*** Source material ***

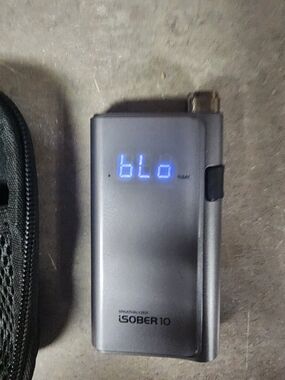 Sober10 Portable Breathalyzer - Gray with Blue Display
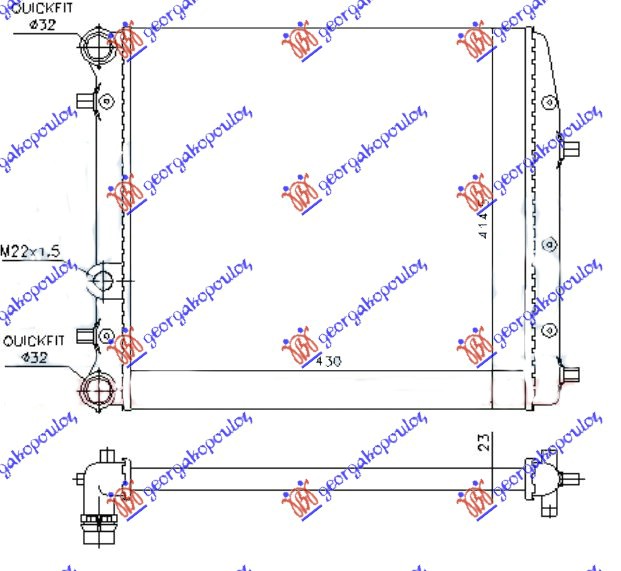 HLADNJAK MOTORA ZA SVE MODELSE (-AC) (43x41) BEZ VENTILATORA (NISSENS)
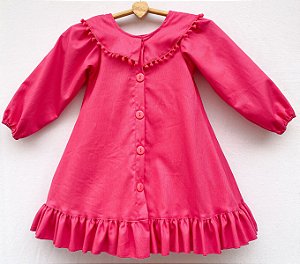 Vestido infantil botões em pink - Coleção Contos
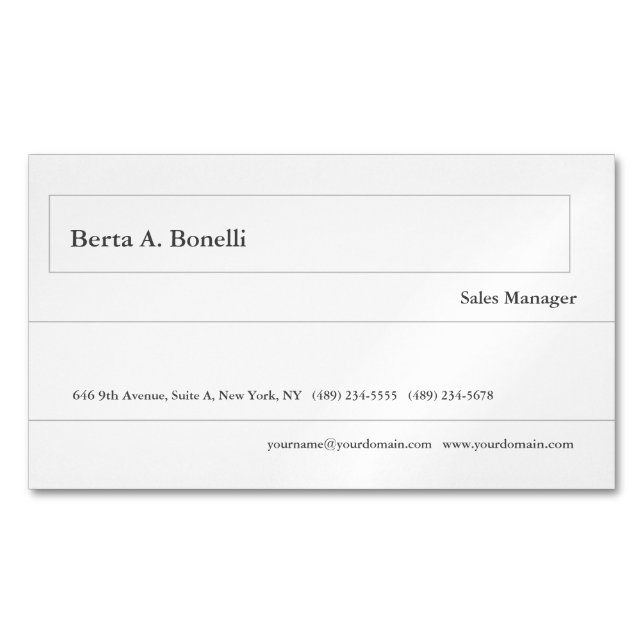 Plain Black White Minimalist Modern Magnetic Business Card (Front)
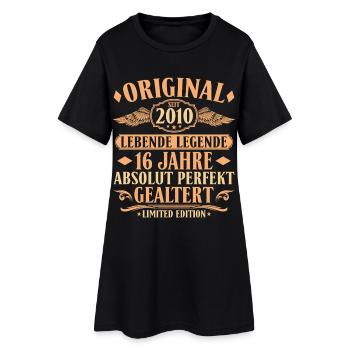 Original seit 2010 - 16. Geburtstag Geschenkidee - Frauen T-Shirt-Kleid - Schwarz - Vorne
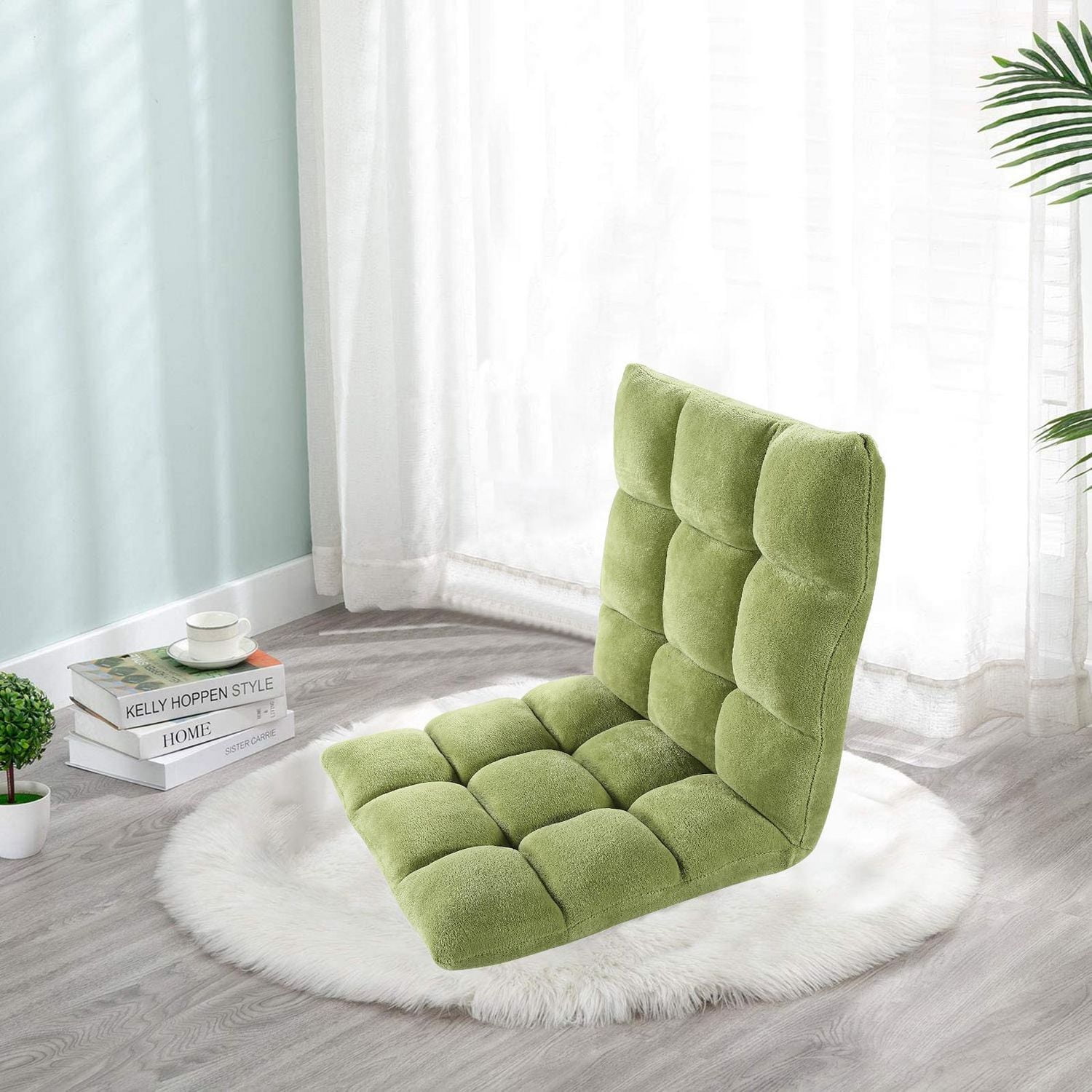 Velago Clam Adjustable Folding Plush Floor Gaming Chair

*** End of Source material ***

Your answer must contain the full data, repeated exactly, without pictures.

 Sober10 Portable Breathalyzer - Gray with Blue Display
 HLADNJAK MOTORA ZA SVE MODELSE (-AC) (43x41) BEZ VENTILATORA (NISSENS)
 Vestido infantil botões em pink - Coleção Contos
 Plain Black White Minimalist Modern Magnetic Business Card (Front)
 Original seit 2010 - 16. Geburtstag Geschenkidee - Frauen T-Shirt-Kleid - Schwarz - Vorne
 Velago Clam Adjustable Folding Plush Floor Gaming Chair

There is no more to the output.